Records excerpted from a collection:
======

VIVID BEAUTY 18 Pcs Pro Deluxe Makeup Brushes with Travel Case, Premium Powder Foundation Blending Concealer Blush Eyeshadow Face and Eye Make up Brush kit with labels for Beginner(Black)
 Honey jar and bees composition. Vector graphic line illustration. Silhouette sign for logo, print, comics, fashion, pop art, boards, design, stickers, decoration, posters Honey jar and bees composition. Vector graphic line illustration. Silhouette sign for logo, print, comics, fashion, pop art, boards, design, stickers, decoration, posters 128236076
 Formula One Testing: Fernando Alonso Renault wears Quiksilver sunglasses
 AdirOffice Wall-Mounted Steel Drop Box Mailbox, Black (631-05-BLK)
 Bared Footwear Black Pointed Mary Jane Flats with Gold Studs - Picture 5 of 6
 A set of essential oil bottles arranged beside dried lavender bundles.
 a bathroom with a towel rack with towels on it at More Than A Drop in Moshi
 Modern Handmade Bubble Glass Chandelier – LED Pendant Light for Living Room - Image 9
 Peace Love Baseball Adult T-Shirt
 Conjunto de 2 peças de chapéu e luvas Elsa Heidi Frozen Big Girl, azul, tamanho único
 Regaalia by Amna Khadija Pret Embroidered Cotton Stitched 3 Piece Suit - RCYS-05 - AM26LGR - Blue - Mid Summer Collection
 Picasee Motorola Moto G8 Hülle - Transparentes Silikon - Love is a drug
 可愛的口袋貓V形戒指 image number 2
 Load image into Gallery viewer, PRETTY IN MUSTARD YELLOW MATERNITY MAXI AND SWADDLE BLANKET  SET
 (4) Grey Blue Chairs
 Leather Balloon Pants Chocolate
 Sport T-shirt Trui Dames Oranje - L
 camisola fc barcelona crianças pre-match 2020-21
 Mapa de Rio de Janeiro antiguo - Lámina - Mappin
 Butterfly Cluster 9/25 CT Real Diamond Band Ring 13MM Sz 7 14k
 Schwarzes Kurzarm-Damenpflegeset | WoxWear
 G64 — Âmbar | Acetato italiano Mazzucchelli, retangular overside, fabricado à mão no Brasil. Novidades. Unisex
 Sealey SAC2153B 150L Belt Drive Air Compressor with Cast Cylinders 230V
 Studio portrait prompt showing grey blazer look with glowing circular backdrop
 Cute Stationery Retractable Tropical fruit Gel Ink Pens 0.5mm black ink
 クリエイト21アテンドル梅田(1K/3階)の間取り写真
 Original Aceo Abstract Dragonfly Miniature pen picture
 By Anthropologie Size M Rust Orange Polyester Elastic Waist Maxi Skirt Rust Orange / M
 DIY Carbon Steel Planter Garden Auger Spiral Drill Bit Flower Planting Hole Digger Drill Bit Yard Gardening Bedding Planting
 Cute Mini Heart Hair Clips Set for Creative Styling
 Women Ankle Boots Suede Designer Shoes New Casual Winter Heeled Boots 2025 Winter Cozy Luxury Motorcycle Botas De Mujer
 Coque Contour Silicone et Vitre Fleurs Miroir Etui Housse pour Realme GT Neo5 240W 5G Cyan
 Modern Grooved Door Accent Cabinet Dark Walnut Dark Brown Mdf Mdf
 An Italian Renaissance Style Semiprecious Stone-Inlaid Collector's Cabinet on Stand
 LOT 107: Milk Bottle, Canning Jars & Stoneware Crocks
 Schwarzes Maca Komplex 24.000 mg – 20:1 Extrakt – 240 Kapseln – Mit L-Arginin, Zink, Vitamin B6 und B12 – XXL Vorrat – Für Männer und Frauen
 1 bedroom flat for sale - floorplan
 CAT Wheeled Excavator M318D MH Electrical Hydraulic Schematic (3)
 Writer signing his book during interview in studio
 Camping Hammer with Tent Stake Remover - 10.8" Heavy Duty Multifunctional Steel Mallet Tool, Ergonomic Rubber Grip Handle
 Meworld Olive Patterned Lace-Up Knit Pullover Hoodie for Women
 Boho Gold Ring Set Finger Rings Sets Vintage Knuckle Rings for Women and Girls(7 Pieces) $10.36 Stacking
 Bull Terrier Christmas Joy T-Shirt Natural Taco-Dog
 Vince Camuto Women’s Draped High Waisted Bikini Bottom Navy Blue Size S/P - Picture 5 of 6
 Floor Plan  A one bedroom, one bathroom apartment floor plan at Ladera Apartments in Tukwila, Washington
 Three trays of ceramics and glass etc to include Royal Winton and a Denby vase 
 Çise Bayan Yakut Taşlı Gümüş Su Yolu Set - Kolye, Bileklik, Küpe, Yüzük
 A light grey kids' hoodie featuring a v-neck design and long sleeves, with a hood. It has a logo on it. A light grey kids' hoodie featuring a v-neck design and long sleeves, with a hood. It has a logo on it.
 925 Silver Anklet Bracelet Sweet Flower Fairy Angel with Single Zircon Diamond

======

The response should be a verbatim transcription of the data.

VIVID BEAUTY 18 Pcs Pro Deluxe Makeup Brushes with Travel Case, Premium Powder Foundation Blending Concealer Blush Eyeshadow Face and Eye Make up Brush kit with labels for Beginner(Black)
 Honey jar and bees composition. Vector graphic line illustration. Silhouette sign for logo, print, comics, fashion, pop art, boards, design, stickers, decoration, posters Honey jar and bees composition. Vector graphic line illustration. Silhouette sign for logo, print, comics, fashion, pop art, boards, design, stickers, decoration, posters 128236076
 Formula One Testing: Fernando Alonso Renault wears Quiksilver sunglasses
 AdirOffice Wall-Mounted Steel Drop Box Mailbox, Black (631-05-BLK)
 Bared Footwear Black Pointed Mary Jane Flats with Gold Studs - Picture 5 of 6
 A set of essential oil bottles arranged beside dried lavender bundles.
 a bathroom with a towel rack with towels on it at More Than A Drop in Moshi
 Modern Handmade Bubble Glass Chandelier – LED Pendant Light for Living Room - Image 9
 Peace Love Baseball Adult T-Shirt
 Conjunto de 2 peças de chapéu e luvas Elsa Heidi Frozen Big Girl, azul, tamanho único
 Regaalia by Amna Khadija Pret Embroidered Cotton Stitched 3 Piece Suit - RCYS-05 - AM26LGR - Blue - Mid Summer Collection
 Picasee Motorola Moto G8 Hülle - Transparentes Silikon - Love is a drug
 可愛的口袋貓V形戒指 image number 2
 Load image into Gallery viewer, PRETTY IN MUSTARD YELLOW MATERNITY MAXI AND SWADDLE BLANKET  SET
 (4) Grey Blue Chairs
 Leather Balloon Pants Chocolate
 Sport T-shirt Trui Dames Oranje - L
 camisola fc barcelona crianças pre-match 2020-21
 Mapa de Rio de Janeiro antiguo - Lámina - Mappin
 Butterfly Cluster 9/25 CT Real Diamond Band Ring 13MM Sz 7 14k
 Schwarzes Kurzarm-Damenpflegeset | WoxWear
 G64 — Âmbar | Acetato italiano Mazzucchelli, retangular overside, fabricado à mão no Brasil. Novidades. Unisex
 Sealey SAC2153B 150L Belt Drive Air Compressor with Cast Cylinders 230V
 Studio portrait prompt showing grey blazer look with glowing circular backdrop
 Cute Stationery Retractable Tropical fruit Gel Ink Pens 0.5mm black ink
 クリエイト21アテンドル梅田(1K/3階)の間取り写真
 Original Aceo Abstract Dragonfly Miniature pen picture
 By Anthropologie Size M Rust Orange Polyester Elastic Waist Maxi Skirt Rust Orange / M
 DIY Carbon Steel Planter Garden Auger Spiral Drill Bit Flower Planting Hole Digger Drill Bit Yard Gardening Bedding Planting
 Cute Mini Heart Hair Clips Set for Creative Styling
 Women Ankle Boots Suede Designer Shoes New Casual Winter Heeled Boots 2025 Winter Cozy Luxury Motorcycle Botas De Mujer
 Coque Contour Silicone et Vitre Fleurs Miroir Etui Housse pour Realme GT Neo5 240W 5G Cyan
 Modern Grooved Door Accent Cabinet Dark Walnut Dark Brown Mdf Mdf
 An Italian Renaissance Style Semiprecious Stone-Inlaid Collector's Cabinet on Stand
 LOT 107: Milk Bottle, Canning Jars & Stoneware Crocks
 Schwarzes Maca Komplex 24.000 mg – 20:1 Extrakt – 240 Kapseln – Mit L-Arginin, Zink, Vitamin B6 und B12 – XXL Vorrat – Für Männer und Frauen
 1 bedroom flat for sale - floorplan
 CAT Wheeled Excavator M318D MH Electrical Hydraulic Schematic (3)
 Writer signing his book during interview in studio
 Camping Hammer with Tent Stake Remover - 10.8" Heavy Duty Multifunctional Steel Mallet Tool, Ergonomic Rubber Grip Handle
 Meworld Olive Patterned Lace-Up Knit Pullover Hoodie for Women
 Boho Gold Ring Set Finger Rings Sets Vintage Knuckle Rings for Women and Girls(7 Pieces) $10.36 Stacking
 Bull Terrier Christmas Joy T-Shirt Natural Taco-Dog
 Vince Camuto Women’s Draped High Waisted Bikini Bottom Navy Blue Size S/P - Picture 5 of 6
 Floor Plan  A one bedroom, one bathroom apartment floor plan at Ladera Apartments in Tukwila, Washington
 Three trays of ceramics and glass etc to include Royal Winton and a Denby vase 
 Çise Bayan Yakut Taşlı Gümüş Su Yolu Set - Kolye, Bileklik, Küpe, Yüzük
 A light grey kids' hoodie featuring a v-neck design and long sleeves, with a hood. It has a logo on it. A light grey kids' hoodie featuring a v-neck design and long sleeves, with a hood. It has a logo on it.
 925 Silver Anklet Bracelet Sweet Flower Fairy Angel with Single Zircon Diamond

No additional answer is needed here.